What you should do
Restate exactly the lines from the top of the listing below to the line containing "Ukrainian warship in"; the remaining lines are not wanted.

Supplied material
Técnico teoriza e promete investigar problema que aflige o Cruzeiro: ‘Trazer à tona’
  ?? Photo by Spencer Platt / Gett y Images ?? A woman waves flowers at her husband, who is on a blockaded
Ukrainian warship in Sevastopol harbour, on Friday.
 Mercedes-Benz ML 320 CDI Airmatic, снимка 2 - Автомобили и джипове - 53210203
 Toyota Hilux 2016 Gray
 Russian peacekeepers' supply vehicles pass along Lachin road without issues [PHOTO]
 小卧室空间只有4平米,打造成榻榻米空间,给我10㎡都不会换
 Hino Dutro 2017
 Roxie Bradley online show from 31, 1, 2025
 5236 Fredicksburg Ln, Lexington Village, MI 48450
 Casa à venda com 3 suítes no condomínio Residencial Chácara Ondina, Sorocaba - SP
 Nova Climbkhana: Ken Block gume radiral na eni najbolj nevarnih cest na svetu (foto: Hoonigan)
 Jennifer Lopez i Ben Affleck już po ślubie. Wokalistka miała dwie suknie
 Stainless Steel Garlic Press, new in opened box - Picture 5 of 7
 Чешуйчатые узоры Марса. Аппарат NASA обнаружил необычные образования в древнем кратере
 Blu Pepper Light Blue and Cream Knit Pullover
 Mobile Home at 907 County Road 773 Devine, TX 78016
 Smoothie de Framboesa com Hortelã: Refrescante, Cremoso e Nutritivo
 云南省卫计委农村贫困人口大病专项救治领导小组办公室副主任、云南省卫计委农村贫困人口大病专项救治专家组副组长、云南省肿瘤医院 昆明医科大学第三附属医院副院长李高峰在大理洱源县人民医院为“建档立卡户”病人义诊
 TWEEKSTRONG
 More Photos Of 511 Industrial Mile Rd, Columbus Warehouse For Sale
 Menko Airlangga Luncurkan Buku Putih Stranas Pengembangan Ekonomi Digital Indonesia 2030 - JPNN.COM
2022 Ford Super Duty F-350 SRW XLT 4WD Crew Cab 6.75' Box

Finished exercise
Técnico teoriza e promete investigar problema que aflige o Cruzeiro: ‘Trazer à tona’
  ?? Photo by Spencer Platt / Gett y Images ?? A woman waves flowers at her husband, who is on a blockaded
Ukrainian warship in Sevastopol harbour, on Friday.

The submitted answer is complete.